How SuperBotics Designed the Client Segmentation System That Gave Bora Lubrax Commercial Precision
abitha
June 16, 2026 · 4 min read

Treating every customer the same is the most expensive kind of equal treatment. One segment wants volume deals. One wants early access to new products. One wants to feel like a priority rather than an account number. If your system cannot tell them apart, your commercial team cannot act on the difference. And every interaction that should have been targeted becomes generic, taking a small piece of the relationship with it.
This was the precise challenge Bora Lubrax brought to SuperBotics. Their entire customer base existed as one undivided group inside their platform. No structure. No targeting logic. No way to tailor offers, communication, or service levels based on behaviour, value, or buying patterns. The commercial team knew their customers were different. The system had no mechanism to act on that knowledge.
The Cost of an Undivided Customer Base
The absence of segmentation is not a neutral state. It is an active cost that compounds across every commercial interaction the platform enables. When every customer receives the same communication, the relevance of that communication degrades for everyone. High-value accounts receive offers calibrated for entry-level buyers. Volume-driven clients receive messaging built for relationship-focused segments. Early adopters who want differentiated access receive the same cadence as the long tail.
The solution was not better messaging. It was a system that could tell the difference between customers before any message was written.
Designing the Segmentation System from the Ground Up
SuperBotics designed the complete client segmentation experience for Bora Lubrax, from the clustering logic that groups customers into meaningful segments to the interface their commercial team uses every day.
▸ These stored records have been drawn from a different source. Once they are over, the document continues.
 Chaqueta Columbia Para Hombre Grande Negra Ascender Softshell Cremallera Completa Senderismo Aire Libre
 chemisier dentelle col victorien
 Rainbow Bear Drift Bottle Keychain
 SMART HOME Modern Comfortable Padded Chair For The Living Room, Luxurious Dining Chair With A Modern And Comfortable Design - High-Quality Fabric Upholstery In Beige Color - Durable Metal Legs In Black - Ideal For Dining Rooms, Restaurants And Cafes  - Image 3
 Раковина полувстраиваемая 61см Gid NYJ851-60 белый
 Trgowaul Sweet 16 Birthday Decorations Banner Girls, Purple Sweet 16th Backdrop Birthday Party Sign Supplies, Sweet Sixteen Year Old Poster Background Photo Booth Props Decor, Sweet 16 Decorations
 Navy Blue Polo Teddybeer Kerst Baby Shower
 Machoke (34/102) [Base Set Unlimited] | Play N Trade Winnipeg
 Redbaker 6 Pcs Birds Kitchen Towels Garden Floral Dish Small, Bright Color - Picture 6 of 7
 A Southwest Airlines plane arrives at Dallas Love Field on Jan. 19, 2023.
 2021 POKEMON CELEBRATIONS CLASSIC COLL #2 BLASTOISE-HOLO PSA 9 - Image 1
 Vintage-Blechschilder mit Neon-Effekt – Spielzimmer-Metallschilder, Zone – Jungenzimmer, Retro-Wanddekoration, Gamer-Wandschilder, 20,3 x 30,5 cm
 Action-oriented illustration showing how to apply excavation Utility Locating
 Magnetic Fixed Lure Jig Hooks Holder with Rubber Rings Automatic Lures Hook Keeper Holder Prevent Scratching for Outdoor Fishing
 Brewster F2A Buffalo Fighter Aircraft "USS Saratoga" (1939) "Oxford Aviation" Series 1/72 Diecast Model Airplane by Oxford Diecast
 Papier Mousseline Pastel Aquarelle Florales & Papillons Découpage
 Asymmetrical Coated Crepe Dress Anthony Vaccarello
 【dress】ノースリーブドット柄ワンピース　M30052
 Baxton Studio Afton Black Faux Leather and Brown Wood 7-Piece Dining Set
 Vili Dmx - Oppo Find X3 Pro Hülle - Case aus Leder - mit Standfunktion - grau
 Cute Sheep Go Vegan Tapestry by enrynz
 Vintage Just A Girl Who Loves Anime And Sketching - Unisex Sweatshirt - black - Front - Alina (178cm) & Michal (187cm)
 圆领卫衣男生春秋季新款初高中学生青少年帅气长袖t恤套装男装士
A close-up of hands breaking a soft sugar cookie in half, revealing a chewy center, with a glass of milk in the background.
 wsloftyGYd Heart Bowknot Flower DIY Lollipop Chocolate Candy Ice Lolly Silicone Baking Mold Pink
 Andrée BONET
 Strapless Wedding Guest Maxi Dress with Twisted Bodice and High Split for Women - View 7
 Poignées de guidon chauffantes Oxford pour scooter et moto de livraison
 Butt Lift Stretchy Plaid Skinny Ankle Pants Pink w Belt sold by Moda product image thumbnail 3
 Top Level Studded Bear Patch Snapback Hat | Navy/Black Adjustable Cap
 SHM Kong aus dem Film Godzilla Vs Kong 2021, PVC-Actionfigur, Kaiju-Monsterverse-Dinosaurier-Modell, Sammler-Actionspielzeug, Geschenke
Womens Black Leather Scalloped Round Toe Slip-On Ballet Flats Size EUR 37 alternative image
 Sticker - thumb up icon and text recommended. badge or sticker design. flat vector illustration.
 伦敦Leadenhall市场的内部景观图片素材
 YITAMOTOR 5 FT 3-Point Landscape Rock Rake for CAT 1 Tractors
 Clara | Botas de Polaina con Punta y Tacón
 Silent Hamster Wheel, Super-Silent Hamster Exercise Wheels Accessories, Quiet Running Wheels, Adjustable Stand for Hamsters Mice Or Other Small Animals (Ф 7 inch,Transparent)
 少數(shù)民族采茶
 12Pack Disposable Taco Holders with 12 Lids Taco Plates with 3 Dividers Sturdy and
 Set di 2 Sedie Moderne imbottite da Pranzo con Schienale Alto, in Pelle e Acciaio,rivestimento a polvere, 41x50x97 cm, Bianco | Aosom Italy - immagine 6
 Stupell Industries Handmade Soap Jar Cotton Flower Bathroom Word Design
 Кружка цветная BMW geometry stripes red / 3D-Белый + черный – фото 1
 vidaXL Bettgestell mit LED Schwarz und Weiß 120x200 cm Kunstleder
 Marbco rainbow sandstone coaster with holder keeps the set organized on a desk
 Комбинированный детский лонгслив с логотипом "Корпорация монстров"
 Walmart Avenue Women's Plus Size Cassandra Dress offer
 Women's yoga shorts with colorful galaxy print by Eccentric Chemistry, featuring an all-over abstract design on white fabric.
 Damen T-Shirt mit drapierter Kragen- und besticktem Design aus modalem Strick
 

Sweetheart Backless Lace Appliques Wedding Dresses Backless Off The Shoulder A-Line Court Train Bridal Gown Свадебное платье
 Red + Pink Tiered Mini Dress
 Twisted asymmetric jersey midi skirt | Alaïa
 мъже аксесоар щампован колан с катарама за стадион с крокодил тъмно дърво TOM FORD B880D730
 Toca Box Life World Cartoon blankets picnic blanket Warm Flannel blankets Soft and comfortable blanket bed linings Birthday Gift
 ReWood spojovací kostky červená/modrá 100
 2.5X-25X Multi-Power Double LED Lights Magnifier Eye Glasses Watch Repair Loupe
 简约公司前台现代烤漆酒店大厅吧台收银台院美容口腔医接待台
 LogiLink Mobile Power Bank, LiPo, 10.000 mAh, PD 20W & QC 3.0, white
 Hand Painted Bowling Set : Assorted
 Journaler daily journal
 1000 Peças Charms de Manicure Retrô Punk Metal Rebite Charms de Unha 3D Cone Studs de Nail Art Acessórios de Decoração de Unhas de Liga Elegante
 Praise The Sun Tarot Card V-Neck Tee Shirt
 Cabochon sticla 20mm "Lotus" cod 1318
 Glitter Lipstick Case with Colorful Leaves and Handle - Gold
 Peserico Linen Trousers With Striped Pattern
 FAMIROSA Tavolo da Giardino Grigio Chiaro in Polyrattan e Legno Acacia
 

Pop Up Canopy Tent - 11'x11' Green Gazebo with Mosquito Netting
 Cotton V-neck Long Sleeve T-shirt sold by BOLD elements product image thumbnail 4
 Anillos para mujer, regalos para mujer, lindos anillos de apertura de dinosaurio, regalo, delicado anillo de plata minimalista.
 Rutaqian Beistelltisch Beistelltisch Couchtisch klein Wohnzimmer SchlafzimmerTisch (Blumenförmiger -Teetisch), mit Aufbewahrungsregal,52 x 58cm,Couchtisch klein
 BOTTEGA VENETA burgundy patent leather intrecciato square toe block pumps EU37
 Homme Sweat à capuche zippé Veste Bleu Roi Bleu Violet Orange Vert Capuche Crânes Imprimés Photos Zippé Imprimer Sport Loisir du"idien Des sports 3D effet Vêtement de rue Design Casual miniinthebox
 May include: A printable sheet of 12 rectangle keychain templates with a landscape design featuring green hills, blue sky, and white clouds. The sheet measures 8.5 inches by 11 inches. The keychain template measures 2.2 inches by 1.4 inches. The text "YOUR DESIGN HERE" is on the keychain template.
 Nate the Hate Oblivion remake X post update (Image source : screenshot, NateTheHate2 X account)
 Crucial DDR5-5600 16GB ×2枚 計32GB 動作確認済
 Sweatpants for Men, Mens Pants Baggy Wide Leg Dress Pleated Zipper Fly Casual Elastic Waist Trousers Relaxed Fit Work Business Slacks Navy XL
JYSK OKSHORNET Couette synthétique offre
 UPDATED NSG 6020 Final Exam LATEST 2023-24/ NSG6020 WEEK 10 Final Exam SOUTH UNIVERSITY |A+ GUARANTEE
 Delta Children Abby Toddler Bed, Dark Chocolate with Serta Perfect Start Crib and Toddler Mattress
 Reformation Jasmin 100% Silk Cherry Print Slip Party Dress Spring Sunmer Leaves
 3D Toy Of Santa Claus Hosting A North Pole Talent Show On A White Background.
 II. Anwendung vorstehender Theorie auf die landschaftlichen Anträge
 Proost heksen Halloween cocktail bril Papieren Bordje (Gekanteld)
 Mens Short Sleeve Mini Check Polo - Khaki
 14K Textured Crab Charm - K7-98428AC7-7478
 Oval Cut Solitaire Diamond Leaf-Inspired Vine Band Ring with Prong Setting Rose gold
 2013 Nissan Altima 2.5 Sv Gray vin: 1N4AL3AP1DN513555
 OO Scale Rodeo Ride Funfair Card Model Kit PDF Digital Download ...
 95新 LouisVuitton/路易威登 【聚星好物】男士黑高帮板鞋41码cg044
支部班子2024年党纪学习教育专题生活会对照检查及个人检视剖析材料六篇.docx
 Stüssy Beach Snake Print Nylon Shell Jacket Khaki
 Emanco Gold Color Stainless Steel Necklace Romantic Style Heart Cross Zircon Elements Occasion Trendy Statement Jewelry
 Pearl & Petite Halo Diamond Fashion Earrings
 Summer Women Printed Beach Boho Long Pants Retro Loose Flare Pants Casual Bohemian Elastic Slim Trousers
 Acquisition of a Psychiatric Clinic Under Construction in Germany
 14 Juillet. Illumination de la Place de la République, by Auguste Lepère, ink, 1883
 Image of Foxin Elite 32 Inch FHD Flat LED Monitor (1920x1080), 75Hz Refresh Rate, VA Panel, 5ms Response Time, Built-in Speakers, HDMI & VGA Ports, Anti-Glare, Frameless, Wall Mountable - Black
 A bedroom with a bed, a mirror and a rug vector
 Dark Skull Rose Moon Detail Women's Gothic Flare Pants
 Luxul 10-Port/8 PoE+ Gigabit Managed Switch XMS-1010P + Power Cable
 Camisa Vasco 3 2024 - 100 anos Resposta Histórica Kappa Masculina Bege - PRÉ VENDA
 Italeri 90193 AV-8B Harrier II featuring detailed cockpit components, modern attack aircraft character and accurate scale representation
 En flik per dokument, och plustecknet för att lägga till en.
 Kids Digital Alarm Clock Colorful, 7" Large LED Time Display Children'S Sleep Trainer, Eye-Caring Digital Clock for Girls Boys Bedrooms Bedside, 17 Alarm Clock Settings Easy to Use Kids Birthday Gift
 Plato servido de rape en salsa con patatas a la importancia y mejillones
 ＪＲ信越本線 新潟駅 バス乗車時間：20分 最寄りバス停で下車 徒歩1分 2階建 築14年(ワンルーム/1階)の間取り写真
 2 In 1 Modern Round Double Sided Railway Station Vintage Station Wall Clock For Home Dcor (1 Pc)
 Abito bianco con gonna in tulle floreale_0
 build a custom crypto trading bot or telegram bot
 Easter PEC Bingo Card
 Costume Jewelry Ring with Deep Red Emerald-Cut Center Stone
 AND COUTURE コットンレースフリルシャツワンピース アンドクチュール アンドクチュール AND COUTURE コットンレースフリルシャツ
The entire build was executed in Figma and Adobe XD with AI-assisted design workflows to accelerate iteration cycles and validate interface decisions against real usage patterns before any production code was written.
The design process began with the segmentation logic itself. What dimensions of customer behaviour, purchasing pattern, and engagement history are most predictive of commercial intent? What groupings are meaningful enough to justify differentiated treatment across communication, offers, and service levels? These questions were answered before the interface was designed, because the interface needed to make those answers visible and actionable for people without data science backgrounds.
Data tells you who your customers are. Design tells you what to do about it. The gap between those two statements is where most segmentation initiatives lose their commercial value.
| Before Segmentation | After Segmentation |
|---|---|
| One undivided customer base | Structured segments by behaviour and value |
| Generic communication to all | Targeted messaging per segment profile |
| Manual account classification | Automated clustering logic in interface |
| No targeting logic for offers | Segment-appropriate offers at account level |
| Commercial team operating on instinct | Commercial team operating on structured data |
What the Interface Delivers
The segmentation interface gives the Bora Lubrax commercial team a structured, navigable view of their customer base that did not exist before. Segment membership is visible at the account level. Targeting logic is embedded into the workflow rather than requiring manual classification before each campaign. The interface scales with the customer base without requiring manual reclassification as buying patterns evolve.
The AI-assisted design workflow used throughout the project accelerated iteration significantly. Design decisions that would typically require multiple validation rounds were tested against usage patterns earlier in the process. The result was a system that felt familiar to the commercial team from day one, because the interface was built around how they actually work rather than how a generic CRM assumes they should.
Customer Data vs Customer Intelligence
Customer data tells you what happened. A purchase was made. An account was created. A communication was opened or ignored. Customer intelligence tells you what to do next, and why, and for whom. The gap between those two states is exactly what the Bora Lubrax segmentation system closes.
When a commercial team member opens an account today, they see a customer who belongs to a defined segment with a known profile, known commercial patterns, and a known set of offers and communication approaches appropriate for that profile. The decision about how to engage is made from structure, not instinct. That structure is what turns a customer database into a commercial asset.
What SuperBotics Delivers
SuperBotics delivers product engineering and UX design for enterprise platforms across e-commerce, loyalty, CRM, and customer intelligence systems. Our design and engineering pods work in Figma, Adobe XD, and production-grade front-end frameworks, with AI-assisted design workflows that accelerate iteration without reducing precision. Across 500+ successful projects and 150+ enterprise launches, we have built the commercial interfaces that turn data into decisions for clients in Brazil, Europe, the US, and the UK. Explore what SuperBotics delivers at superbotics.com.
Precision Begins with Structure
The commercial teams that act with the most precision are not the ones with the best instincts. They are the ones whose systems give them the right information about the right customer at the right moment in the relationship. That precision is not a function of data volume. It is a function of how that data is structured, surfaced, and made actionable through interface design that reflects how the team actually works.
Bora Lubrax now has every customer in a defined segment, every commercial team member with a structured view of who they are engaging and why, and every offer decision grounded in a profile rather than a guess. That is the difference between having customer data and having customer intelligence.